In the near term, we see limited scope of further monetary easing in the coming months on account of factors, such as an elevated crude oil price, an inflationary budget and weak rupee, all of which pose upside risks to inflation. In the medium term, we could be looking at an aggregate repo rate cut of 100 basis points in FY13, of which 50 basis points has already been front-ended, along with some measures to address the liquidity deficit in the system. We hold the view that if India’s gross domestic product (GDP) growth rate continues to be below trend, we could see inflation declining further and give some room to RBI to initiate further rate cuts in the latter half of FY13.
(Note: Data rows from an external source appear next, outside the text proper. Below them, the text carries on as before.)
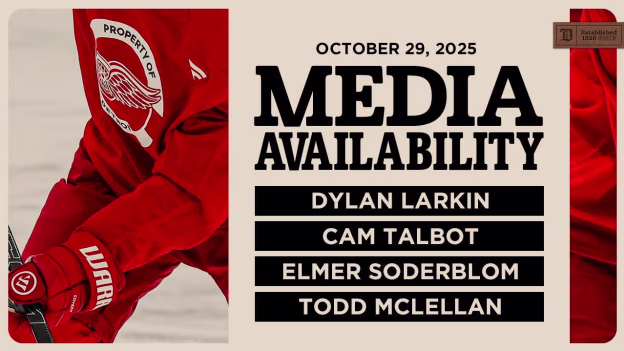 Red Wings' Media | Oct.29, 2025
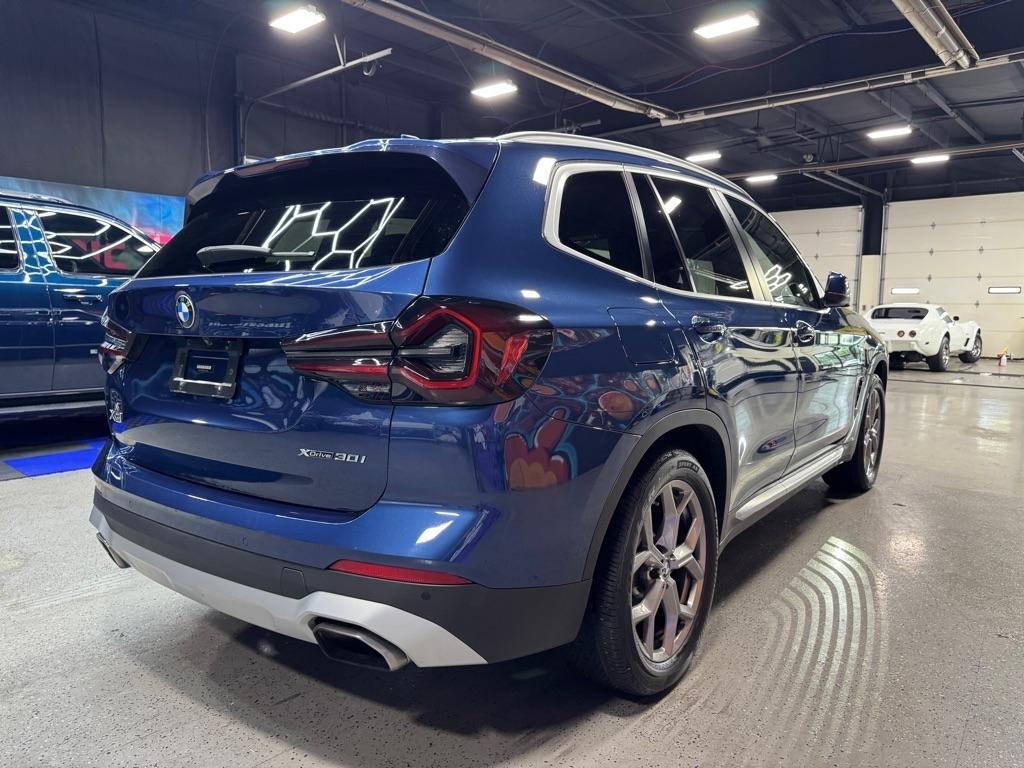 BMW X3 sDrive30i 2022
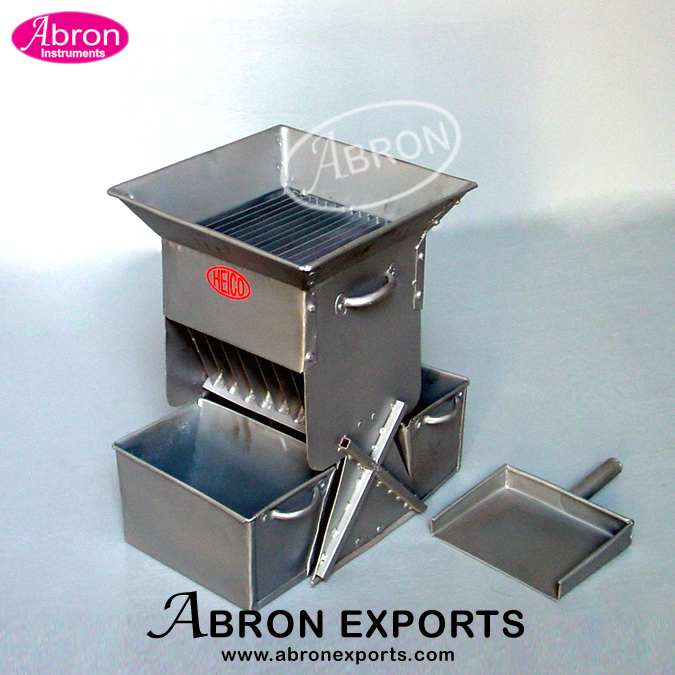 Riffle Sample Divider is Abron ASI-167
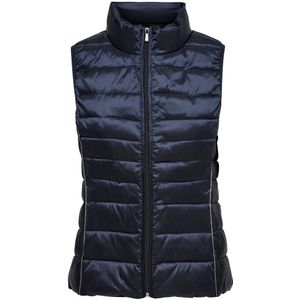 Only Vest Onlnewclaire Quilted Blauw L Vrouw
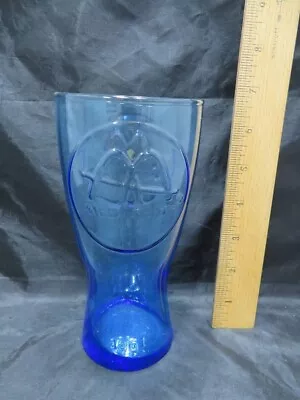 McDonalds Collector Drinking Glass 1961 Blue 6 1/2  Tall • $3.49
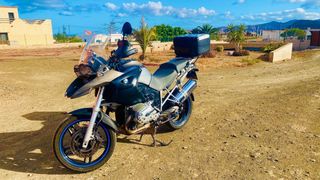 BMW GS 1200 R Moto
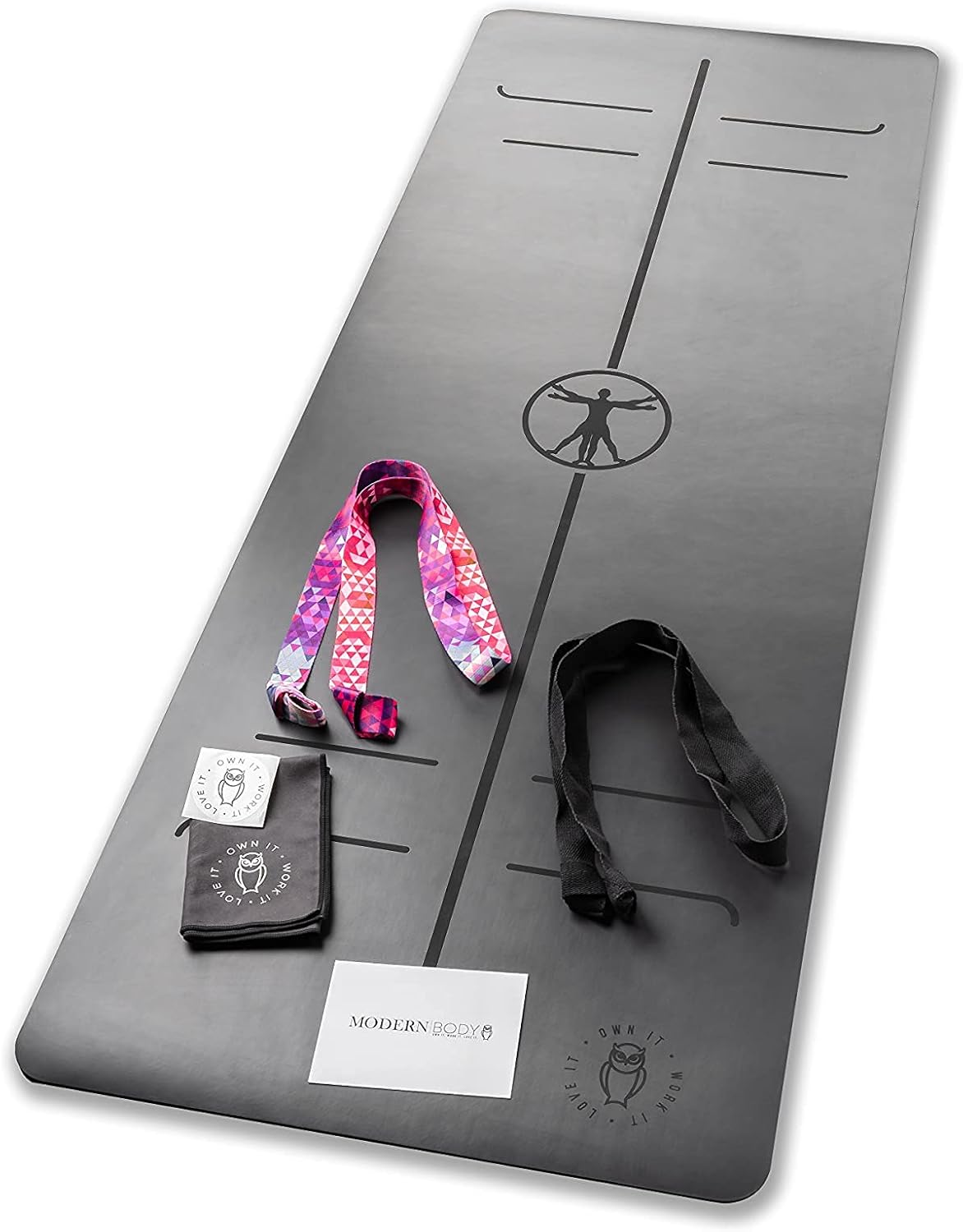 6mm Eco Yoga Mat: Ultimate Stability & Comfort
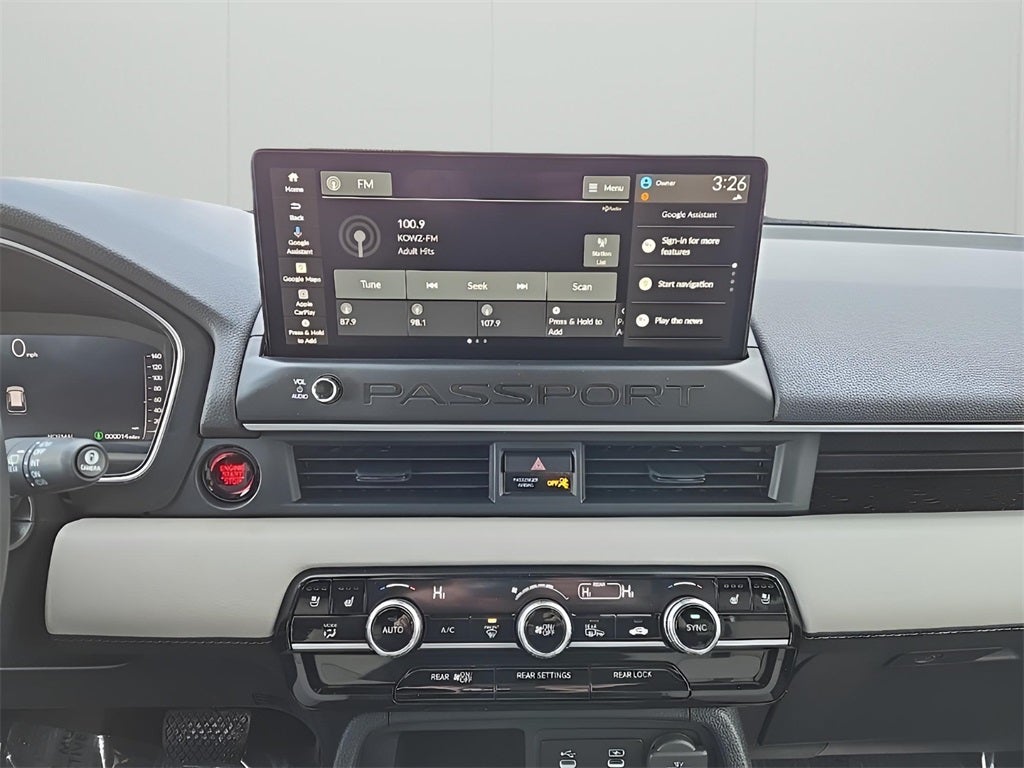 2026 Honda Passport TrailSport Elite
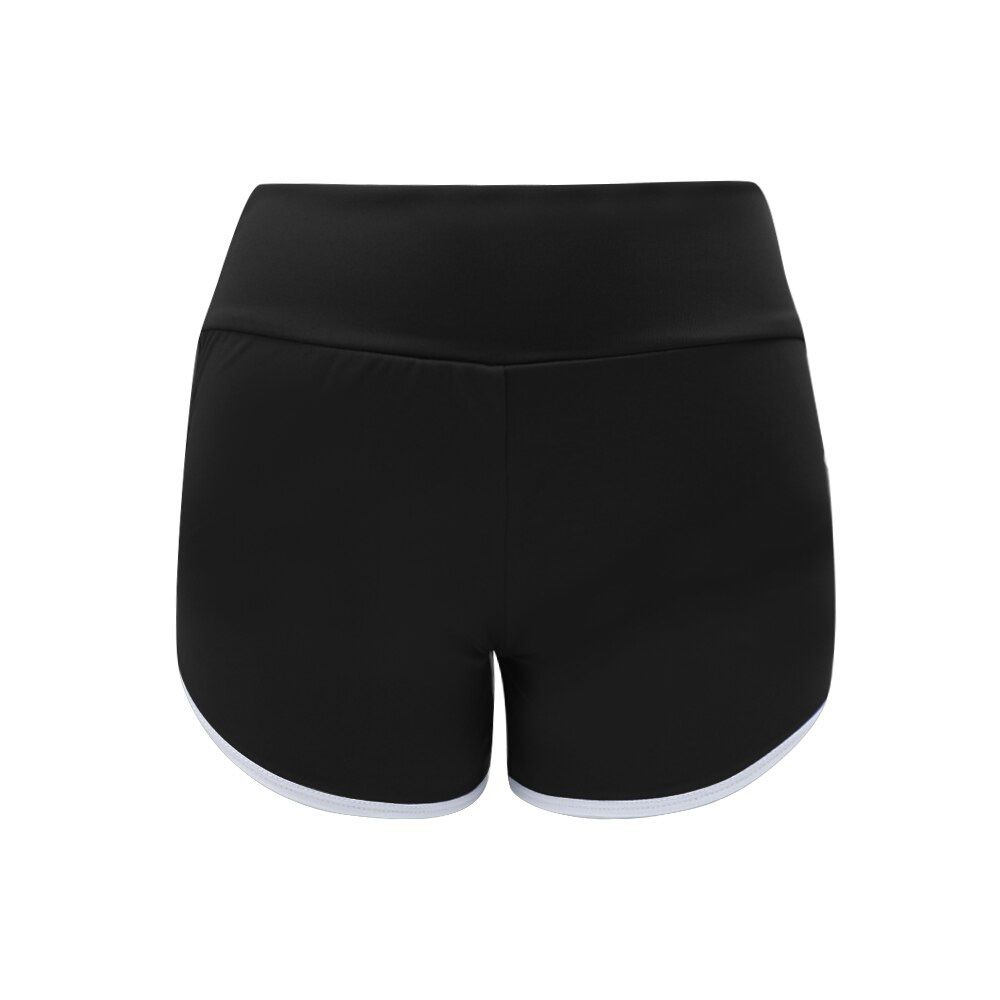 Women Sports Shorts Summer Running se_xy Leggings High Waist Short Pants Fitness Jogging Clothing Black Cycling Shorts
We believe that short-term income funds, which have an average maturity of two to three years, will do well for investors in the current scenario. While the yield curve has steepened mildly post-rate cut in April, further steps to ease liquidity and falling inflation are expected to lead to decline in short-term rates and steepen the curve further over the next 12 to 15 months. In such a scenario, short-term income funds can outperform the ultra-short and liquid funds.
In the longer end, government securities’ (G-Sec) yields are likely to be range-bound. While the supply pressure, accompanied with limited scope of monetary easing, could put a floor to yields, the magnitude of Open Market Operations (OMO) could potentially put a cap on yields. Since we are not expected to see a steady decline in G-Sec yields, funds which will be actively and dynamically managed, can gain from the market opportunities. Such funds have the flexibility to invest across fixed income assets and can be looked at with a medium-term horizon of 18 months and above.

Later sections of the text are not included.